Grobbelaar: "A Roma nel 1984 ho fatto piangere molte persone. Fummo accolti con pietre"
Bruce David Grobbelaar è l'incubo di tutti i romanisti, che a distanza di quarant'anni ancora non dimenticano e masticano amaro per la sconfitta nella finale di Champions League del 1984, giocata allo Stadio Olimpico. Una ferita aperta che probabilmente sarà impossibile da guarire, come rivelato dello stesso portiere che ai microfoni de Il Giornale ha dichiarato: "All'arrivo a Roma fummo accolti dal tifosi romanisti con pietre e sassi che entravano dal finestrini dell'autobus. Non c'è stato un ricordo più bello fino alla fine della partita, quando abbiamo vinto ai rigori. Il mio allenatore Fagan, pur essendo io il portiere, mi aveva selezionato come quinto rigorista".
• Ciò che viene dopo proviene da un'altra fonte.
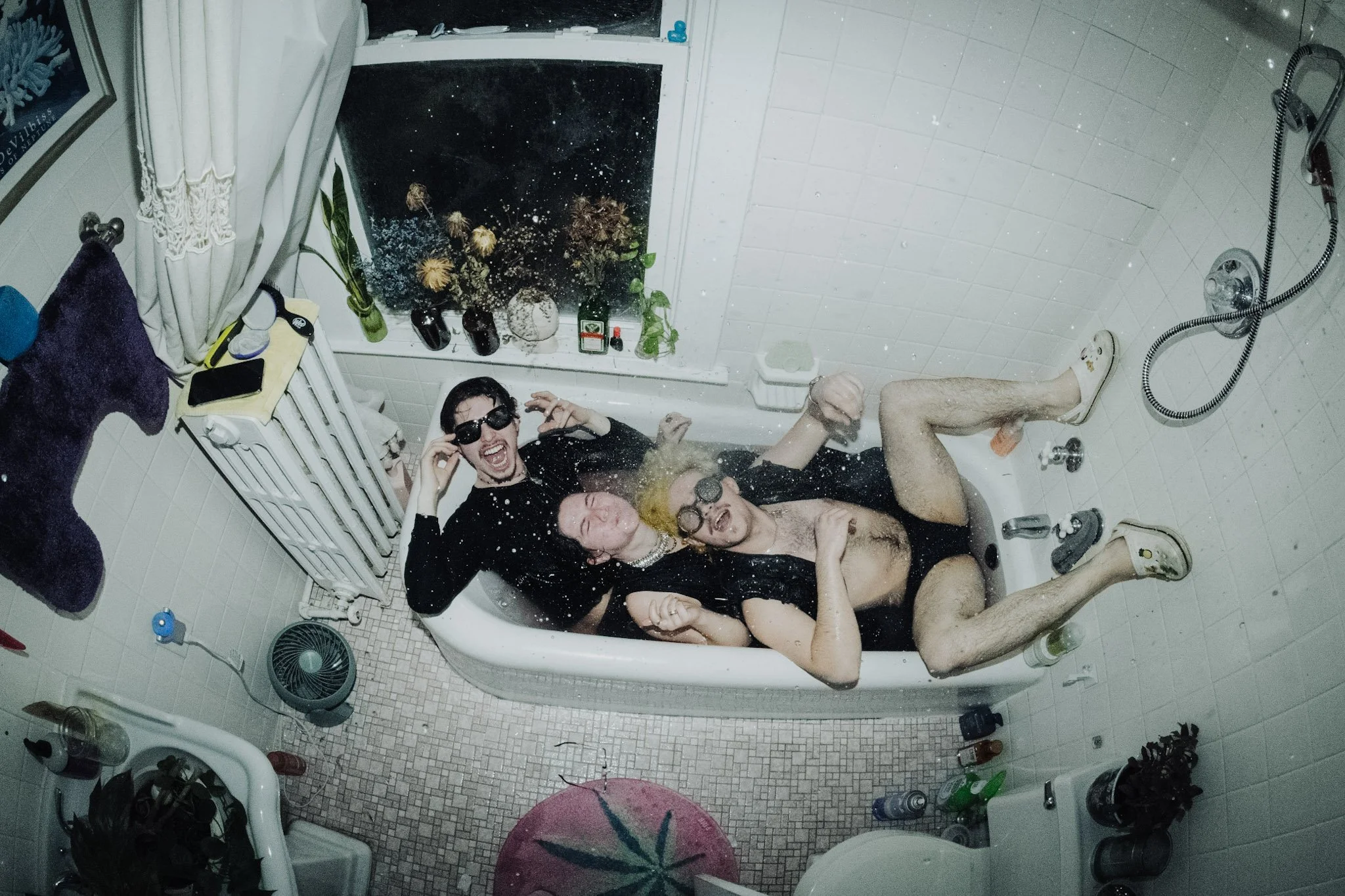 Three people in a bathtub taking a selfie, with water splashing around. They are wearing sunglasses and appear to be having fun.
"Quando mi avviai verso la porta mi disse di provare a distrarre in ogni modo gli avversari, sentivo le gambe come due spaghetti flosci, la rete della porta mi ricordava gli spaghetti e così la morsi. Quel balletto funzionò visto che sia Conti sia Graziani sbagliarono. Allora corsi per il campo per festeggiare. In mezzo al delirio, Joe incaricò Alan Kennedy di battere l'ultimo, quello che mi era stato assegnato. Meno male, perché se l'avessi sbagliato. Quella sera ho fatto piangere molte persone, alcune per la gioia e altre per la sconfitta. Posso solo dire a tutti i tifosi romanisti: se il vostro portiere avesse fatto alla nostra squadra quello che io ho fatto alla Roma, non sarebbero orgogliosi di lui?".